## RECORDS PROVIDED
+===+
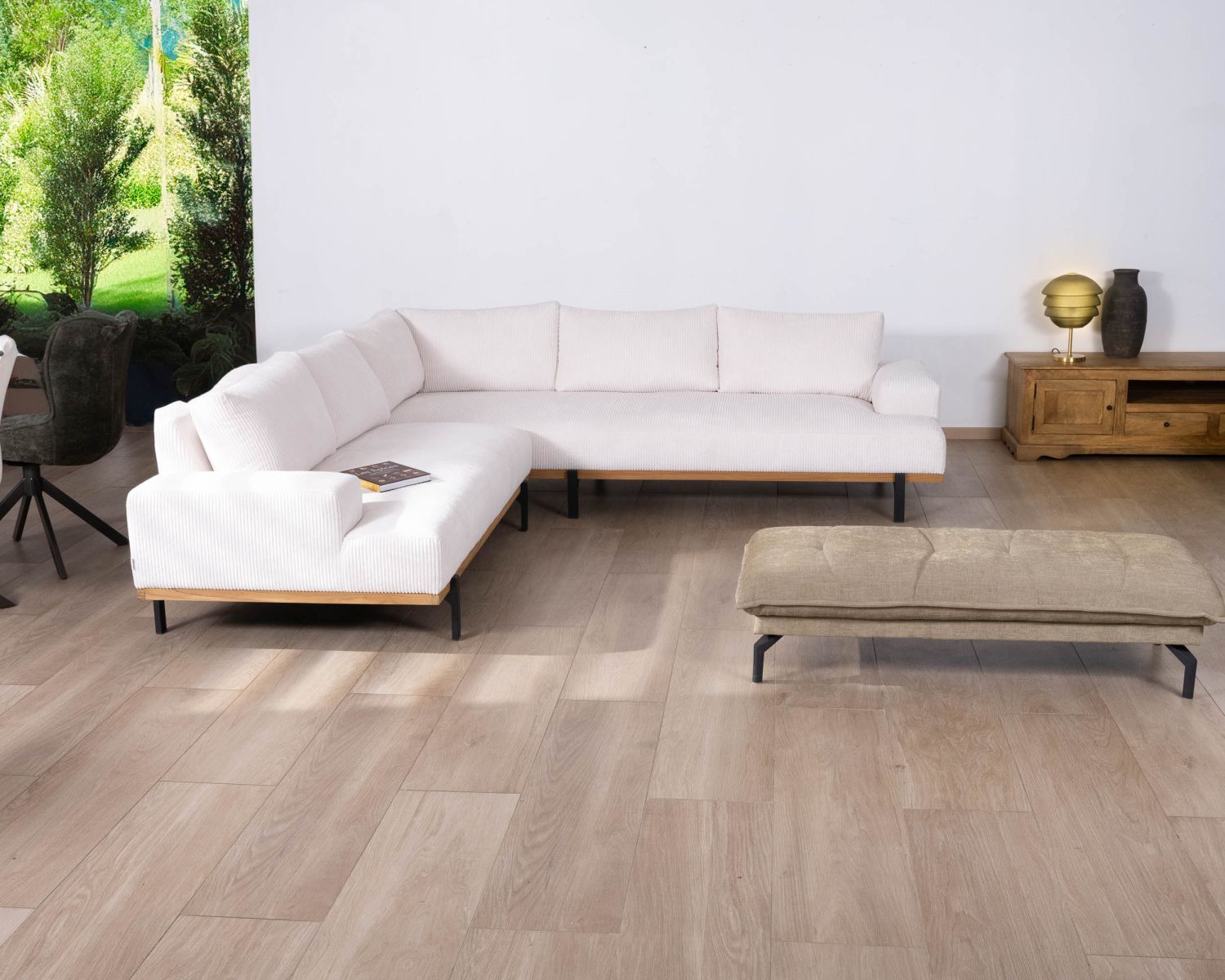 Canapé en angle haut de gamme en velours côtelé écru et teck "Fényx" retour gauche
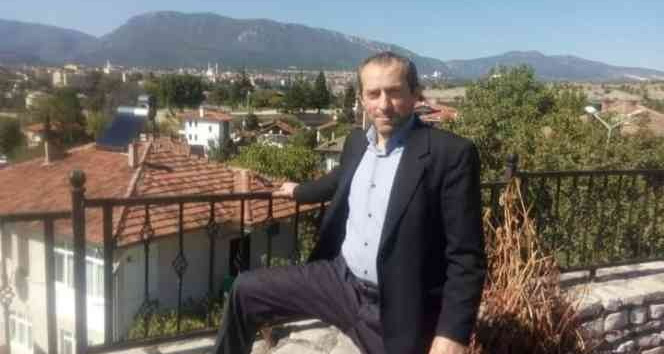 Mikserin altında kalan işçi hayatını kaybetti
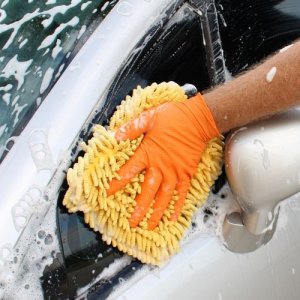 Griots Fine Glass Polish Removing water spots Mike Phillips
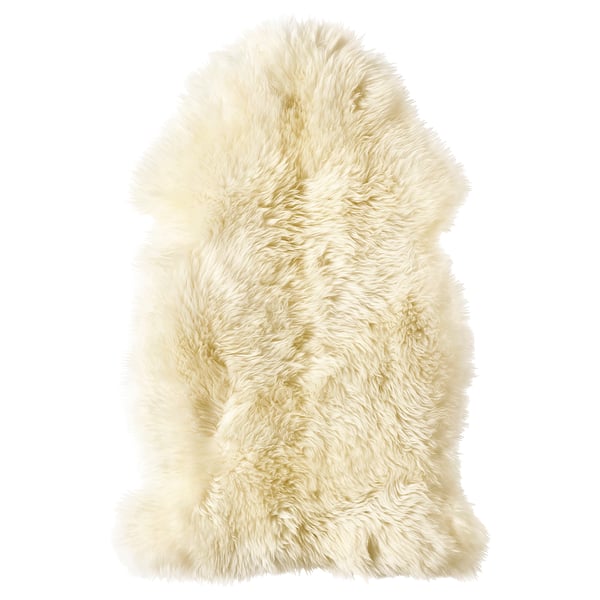 Een zacht, wit, donzig vloerkleed van schapenvacht, perfect voor vloeren of meubels, en biedt warmte en comfort.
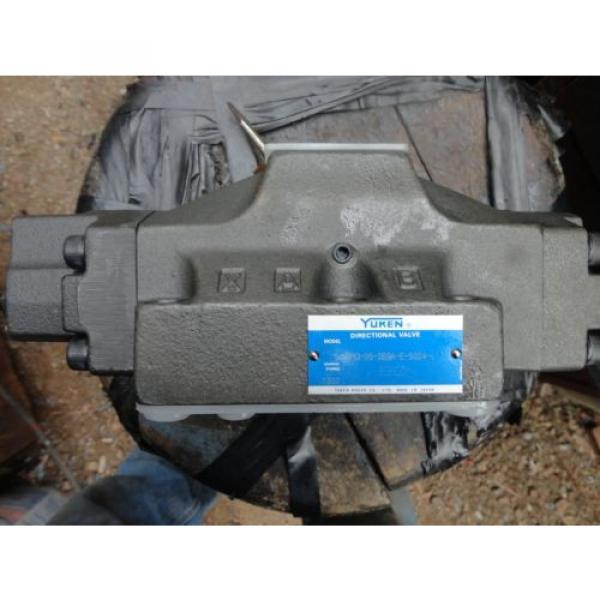 yuken hydraulic directional valve dhg-06-2b9a-e-5024-l #1 image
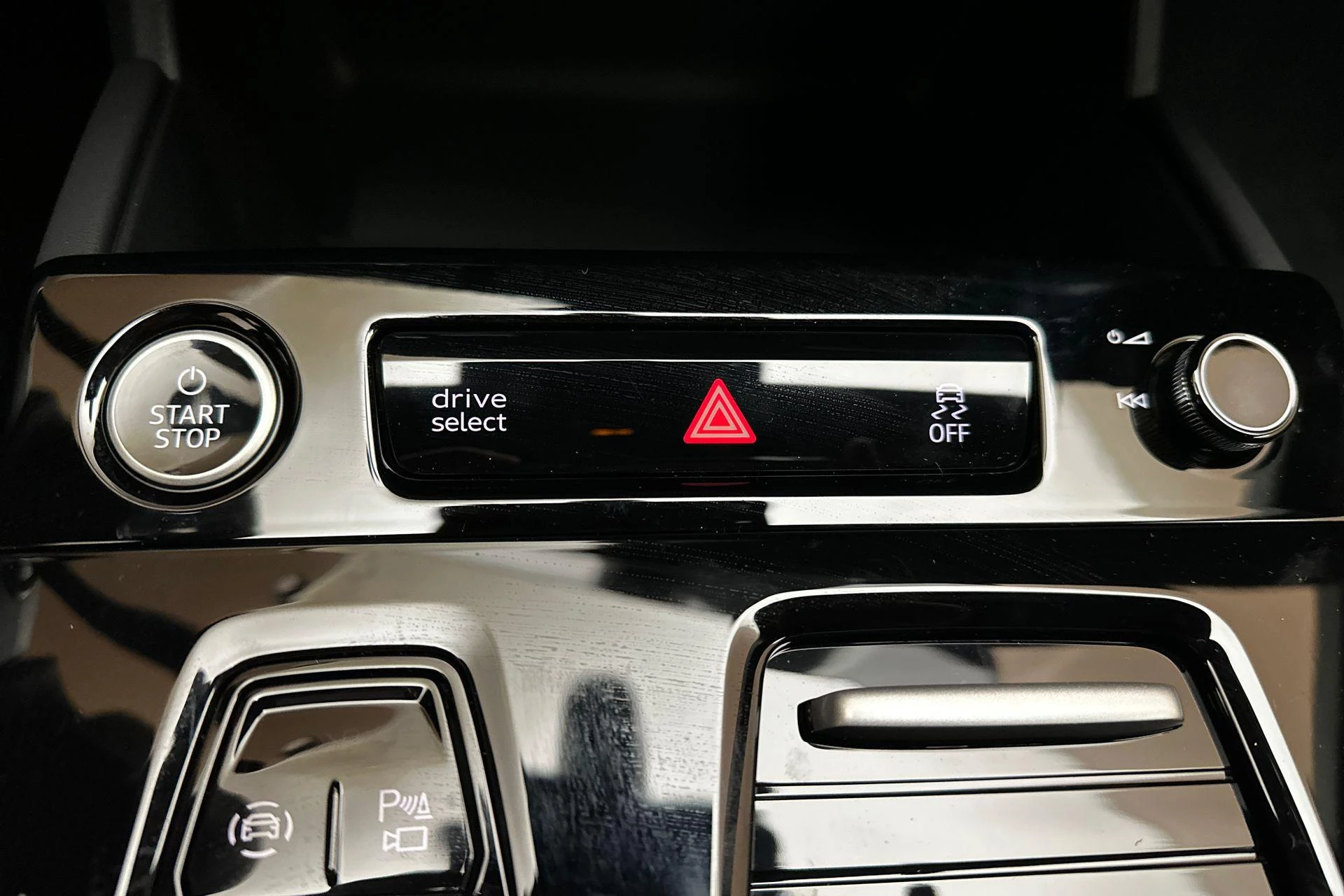 Hoofdafbeelding Audi A6 Avant e-tron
+===+
The result should be the material above, unchanged and free of pictures; please print it.

## RESPONSE FOR THIS EXERCISE
 Canapé en angle haut de gamme en velours côtelé écru et teck "Fényx" retour gauche
 Mikserin altında kalan işçi hayatını kaybetti
 Griots Fine Glass Polish Removing water spots Mike Phillips
 Een zacht, wit, donzig vloerkleed van schapenvacht, perfect voor vloeren of meubels, en biedt warmte en comfort.
 yuken hydraulic directional valve dhg-06-2b9a-e-5024-l #1 image
 Hoofdafbeelding Audi A6 Avant e-tron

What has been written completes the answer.